→ TO DO: All that is needed is an exact repetition of the lines from the one containing "Ann Demeulemeester Classic" through the final line of the material, without pictures.

====== RAW DATA ======

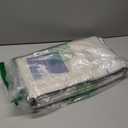 INOVADAY 100% Blackout Curtains 90 Inches Length 2 Panels Set, Back Tab/Rod Pocket Linen Black Out Curtains for Bedroom, Thermal Insulated Window Drapes - Cream, W50 X L90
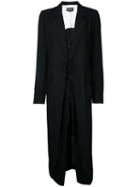 Ann Demeulemeester Classic Coat, Women's, Size: 36, Black, Virgin Wool
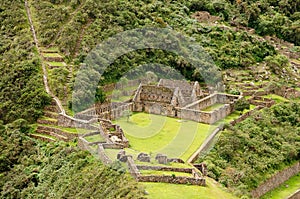 South America - Peru, Inca ruins of Choquequirao photo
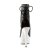 Pleaser BEJEWELED-1018DM-6 Stivaletti - Similpelle Nero/Argento Multi Glitter EU-35 / US-5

======

→ RESPONSE:
 Ann Demeulemeester Classic Coat, Women's, Size: 36, Black, Virgin Wool
 South America - Peru, Inca ruins of Choquequirao photo
 Pleaser BEJEWELED-1018DM-6 Stivaletti - Similpelle Nero/Argento Multi Glitter EU-35 / US-5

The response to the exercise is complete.